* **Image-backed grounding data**
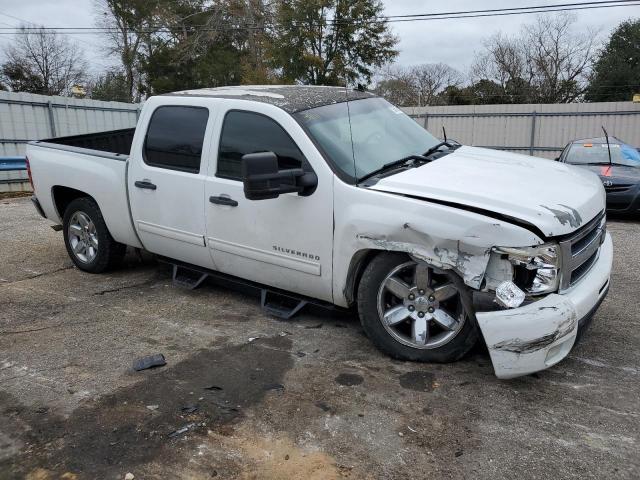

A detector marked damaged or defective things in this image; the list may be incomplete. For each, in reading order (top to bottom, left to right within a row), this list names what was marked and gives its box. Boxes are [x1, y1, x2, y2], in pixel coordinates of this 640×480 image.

cracked asphalt [0, 196, 636, 480]
broken headlight [496, 244, 560, 296]
crushed bumper [478, 232, 612, 378]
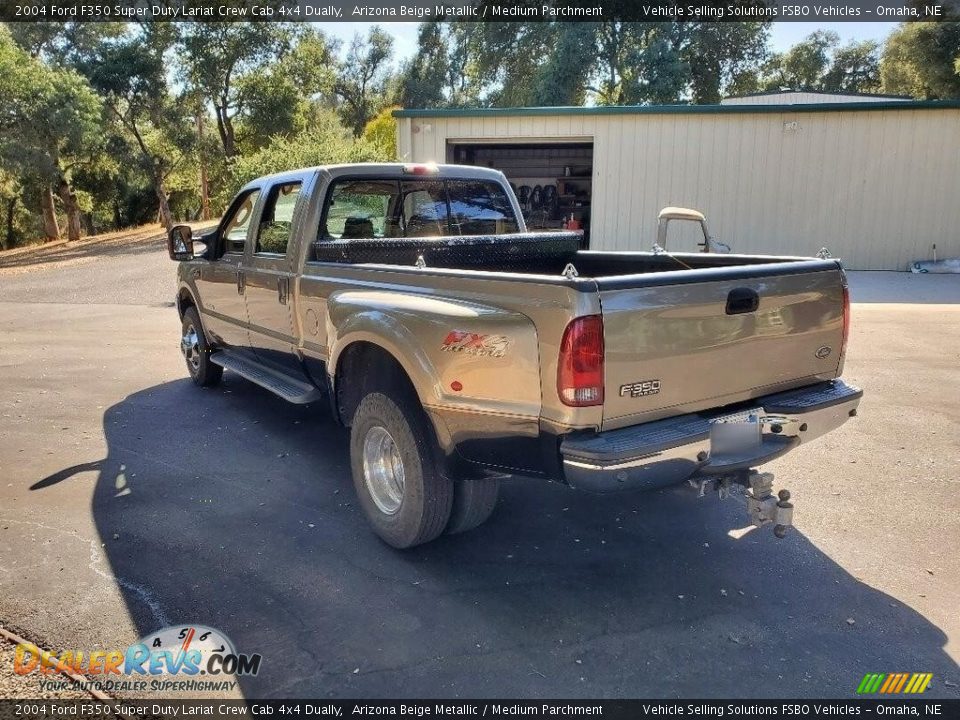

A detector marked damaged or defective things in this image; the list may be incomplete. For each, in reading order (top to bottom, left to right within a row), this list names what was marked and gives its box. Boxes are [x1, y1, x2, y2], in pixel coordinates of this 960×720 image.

cracked asphalt [1, 233, 960, 700]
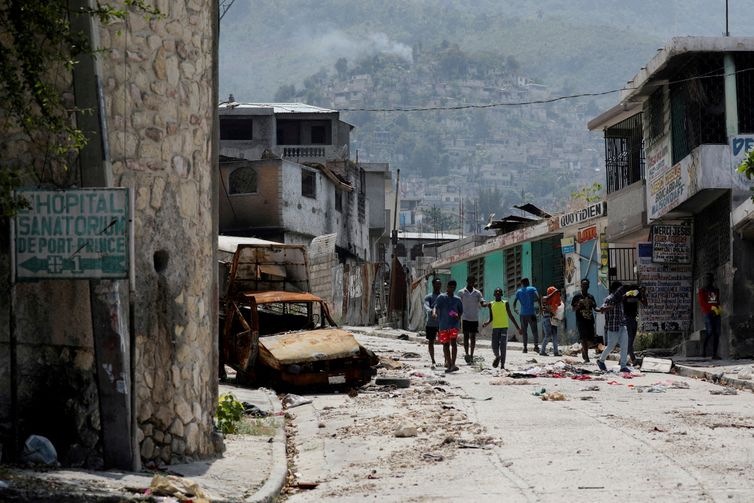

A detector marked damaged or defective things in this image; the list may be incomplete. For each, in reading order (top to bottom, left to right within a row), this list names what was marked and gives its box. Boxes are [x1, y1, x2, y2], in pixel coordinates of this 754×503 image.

damaged building facade [0, 2, 217, 468]
burned car [220, 237, 378, 390]
rusted car hood [260, 328, 362, 368]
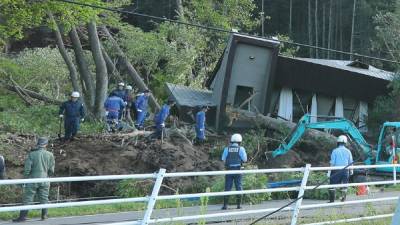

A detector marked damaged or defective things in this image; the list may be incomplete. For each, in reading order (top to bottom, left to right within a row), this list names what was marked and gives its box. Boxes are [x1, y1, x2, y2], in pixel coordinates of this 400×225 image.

damaged structure [166, 33, 394, 132]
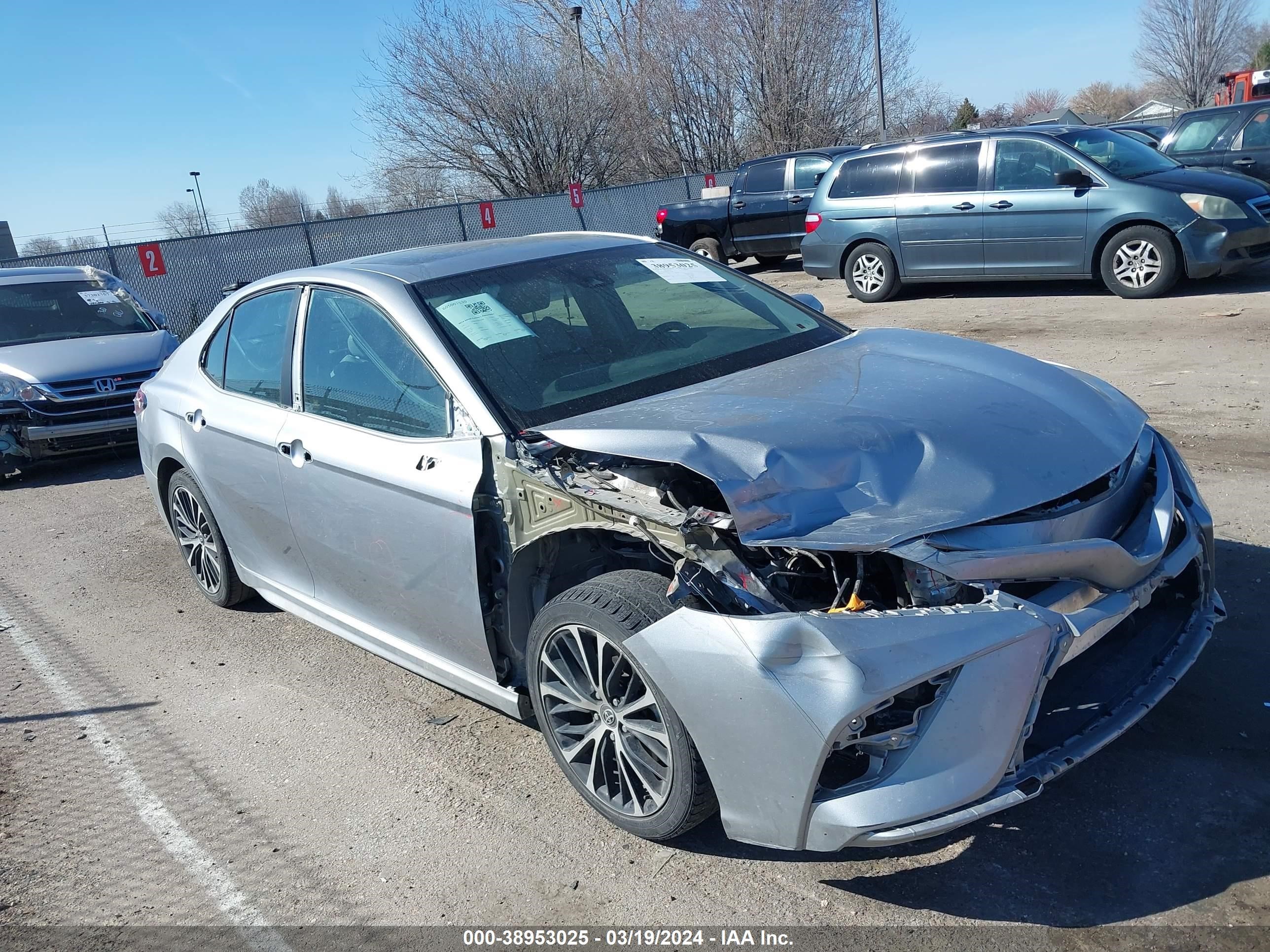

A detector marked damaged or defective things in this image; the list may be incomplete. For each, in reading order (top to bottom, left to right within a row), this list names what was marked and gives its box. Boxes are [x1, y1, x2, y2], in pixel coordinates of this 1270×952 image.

* **Your task**
With the pictures left out, please output each line from the one containing "this 400×225 image." through the end of the entries, exactly as it is.

* **Solution for this exercise**
A detector marked damaged or defective things in this image; the list may be incomplete. For each, in reading order (top to bottom, left to right within a row), this list names what was marked and gives its box. Boxes are [x1, y1, x2, y2], in pixel coordinates of this 400×225 image.

damaged structure [166, 33, 394, 132]

A detector marked damaged or defective things in this image; the list may be incomplete. For each, in reading order (top to bottom, left to right within a row), this list names what was marked and gives its box. Boxes are [x1, y1, x2, y2], in pixel coordinates of this 1270×952 image.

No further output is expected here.